Exercise:
Please set down each record exactly as it appears, but leave out any pictures.

Excerpted records:
◇ ◇ ◇

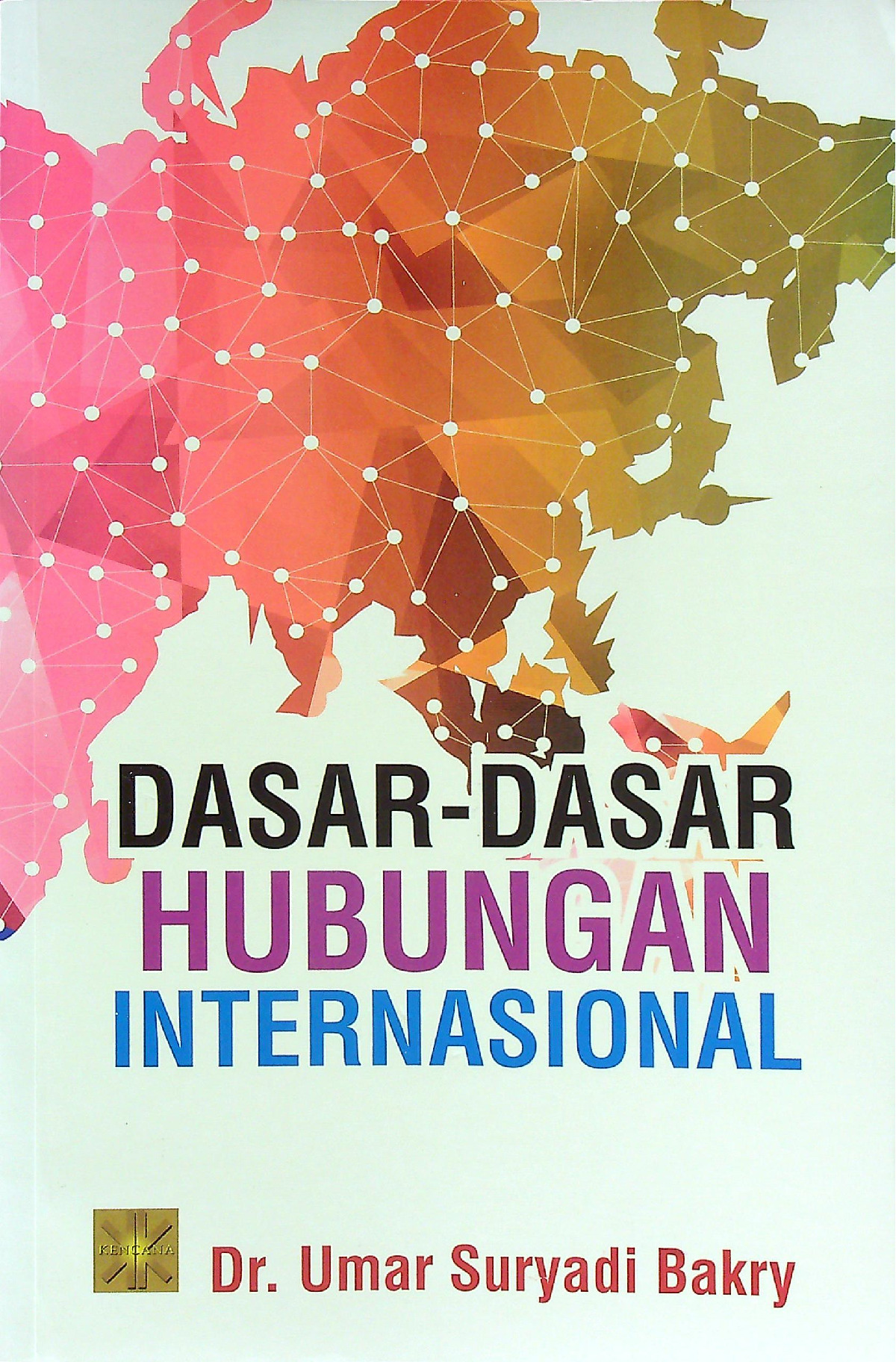 Dasar-Dasar Hubungan International
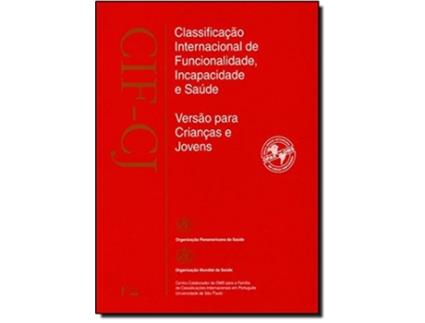 Livro Cif-Cj Classificacao Internacional De Funcionalid de OMS - Organizacao Mundial da Saœde (Português do Brasil)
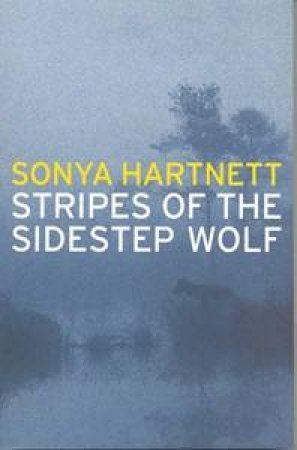 Stripes Of The Sidestep Wolf by Sonya Hartnett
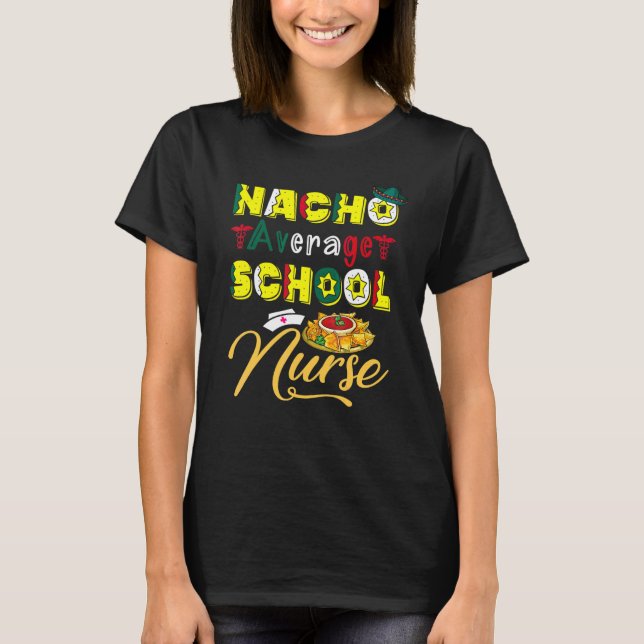 Nacho Average School Nurse Cinco De Mayo Mexican L T Shirt (Framsida)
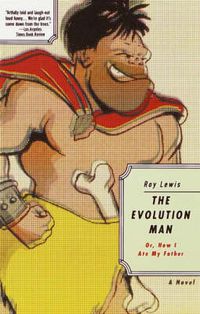 Cover image for The Evolution Man: Or How I Ate My Father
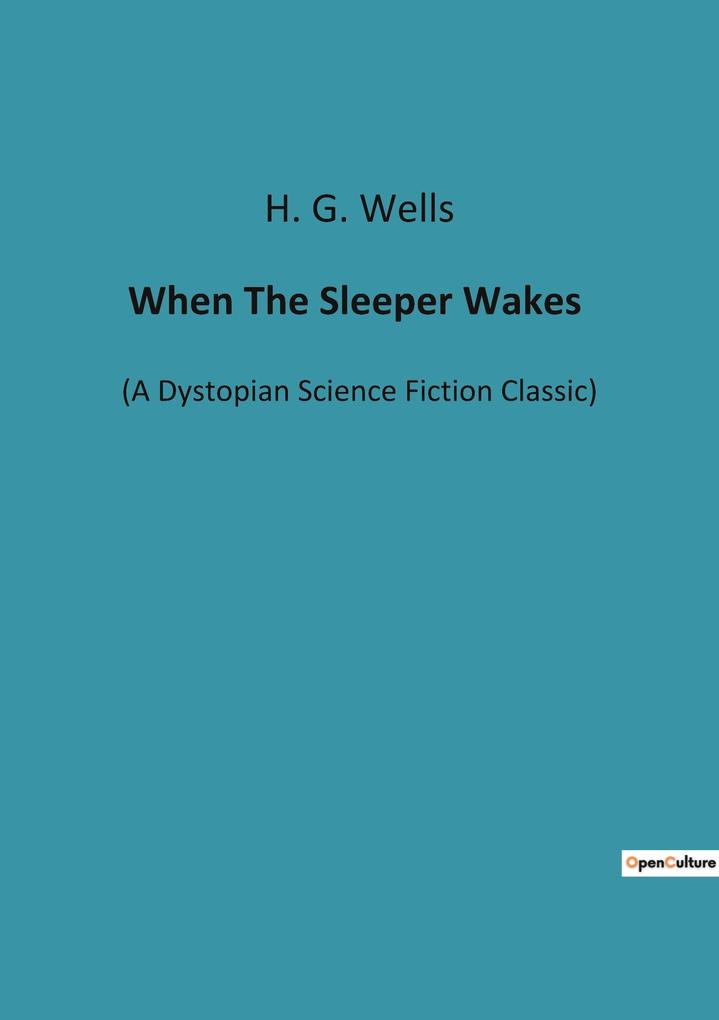 Produktbild: When The Sleeper Wakes | H. G. Wells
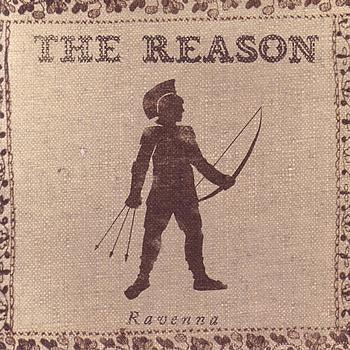 The Reason- Ravenna - Darkside Records
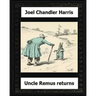 Uncle Remus Returns (1918) by: Joel Chandler Harris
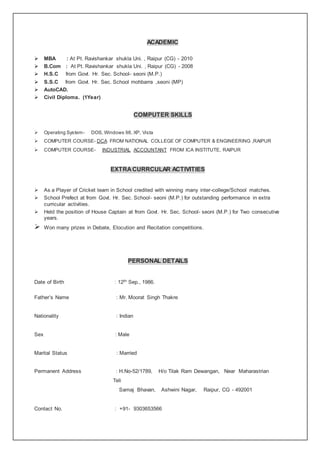 ACADEMIC
 MBA : At Pt. Ravishankar shukla Uni. , Raipur (CG) - 2010
 B.Com : At Pt. Ravishankar shukla Uni. , Raipur (CG) - 2008
 H.S.C from Govt. Hr. Sec. School- seoni (M.P.)
 S.S.C from Govt. Hr. Sec. School mohbarra ,seoni (MP)
 AutoCAD.
 Civil Diploma. (1Year)
COMPUTER SKILLS
 Operating System- DOS, Windows 98, XP, Vista
 COMPUTER COURSE- DCA FROM NATIONAL COLLEGE OF COMPUTER & ENGINEERING ,RAIPUR
 COMPUTER COURSE- INDUSTRIAL ACCOUNTANT FROM ICA INSTITUTE, RAIPUR
EXTRACURRCULAR ACTIVITIES
 As a Player of Cricket team in School credited with winning many inter-college/School matches.
 School Prefect at from Govt. Hr. Sec. School- seoni (M.P.) for outstanding performance in extra
curricular activities.
 Held the position of House Captain at from Govt. Hr. Sec. School- seoni (M.P.) for Two consecutive
years.
 Won many prizes in Debate, Elocution and Recitation competitions.
PERSONAL DETAILS
Date of Birth : 12th Sep., 1986.
Father’s Name : Mr. Moorat Singh Thakre
Nationality : Indian
Sex : Male
Marital Status : Married
Permanent Address : H.No-52/1789, H/o Tilak Ram Dewangan, Near Maharastrian
Teli
Samaj Bhavan, Ashwini Nagar, Raipur, CG - 492001
Contact No. : +91- 9303653566
 
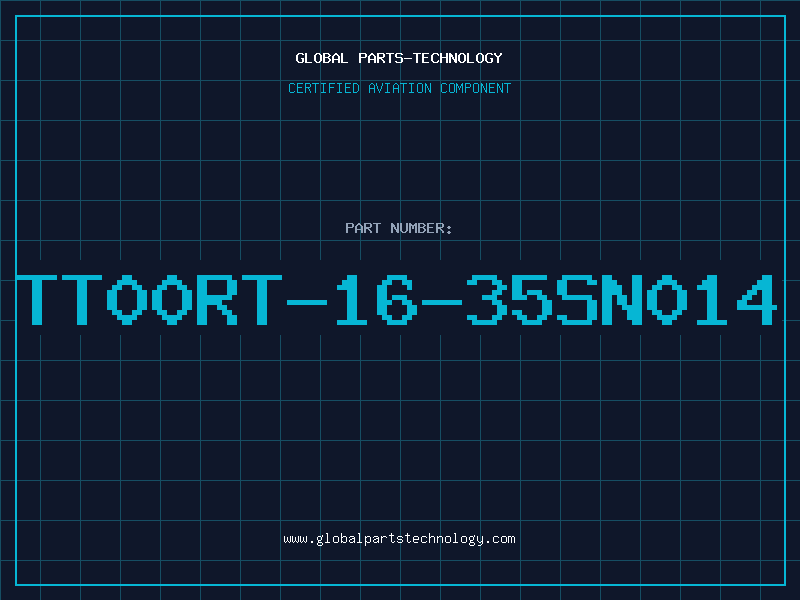 Aviation Part TT00RT-16-35SN014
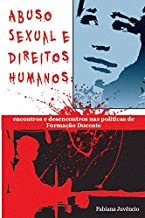 Abuso Sexual E Direitos Humanos - Encontros E Desencontros Nas Politicas De Formacao Docente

◇ ◇ ◇

Solution for this task:
 Dasar-Dasar Hubungan International
 Livro Cif-Cj Classificacao Internacional De Funcionalid de OMS - Organizacao Mundial da Saœde (Português do Brasil)
 Stripes Of The Sidestep Wolf by Sonya Hartnett
 Nacho Average School Nurse Cinco De Mayo Mexican L T Shirt (Framsida)
 Cover image for The Evolution Man: Or How I Ate My Father
 Produktbild: When The Sleeper Wakes | H. G. Wells
 The Reason- Ravenna - Darkside Records
 Uncle Remus Returns (1918) by: Joel Chandler Harris
 ACADEMIC
 MBA : At Pt. Ravishankar shukla Uni. , Raipur (CG) - 2010
 B.Com : At Pt. Ravishankar shukla Uni. , Raipur (CG) - 2008
 H.S.C from Govt. Hr. Sec. School- seoni (M.P.)
 S.S.C from Govt. Hr. Sec. School mohbarra ,seoni (MP)
 AutoCAD.
 Civil Diploma. (1Year)
COMPUTER SKILLS
 Operating System- DOS, Windows 98, XP, Vista
 COMPUTER COURSE- DCA FROM NATIONAL COLLEGE OF COMPUTER & ENGINEERING ,RAIPUR
 COMPUTER COURSE- INDUSTRIAL ACCOUNTANT FROM ICA INSTITUTE, RAIPUR
EXTRACURRCULAR ACTIVITIES
 As a Player of Cricket team in School credited with winning many inter-college/School matches.
 School Prefect at from Govt. Hr. Sec. School- seoni (M.P.) for outstanding performance in extra
curricular activities.
 Held the position of House Captain at from Govt. Hr. Sec. School- seoni (M.P.) for Two consecutive
years.
 Won many prizes in Debate, Elocution and Recitation competitions.
PERSONAL DETAILS
Date of Birth : 12th Sep., 1986.
Father’s Name : Mr. Moorat Singh Thakre
Nationality : Indian
Sex : Male
Marital Status : Married
Permanent Address : H.No-52/1789, H/o Tilak Ram Dewangan, Near Maharastrian
Teli
Samaj Bhavan, Ashwini Nagar, Raipur, CG - 492001
Contact No. : +91- 9303653566
 
 Aviation Part TT00RT-16-35SN014
 Abuso Sexual E Direitos Humanos - Encontros E Desencontros Nas Politicas De Formacao Docente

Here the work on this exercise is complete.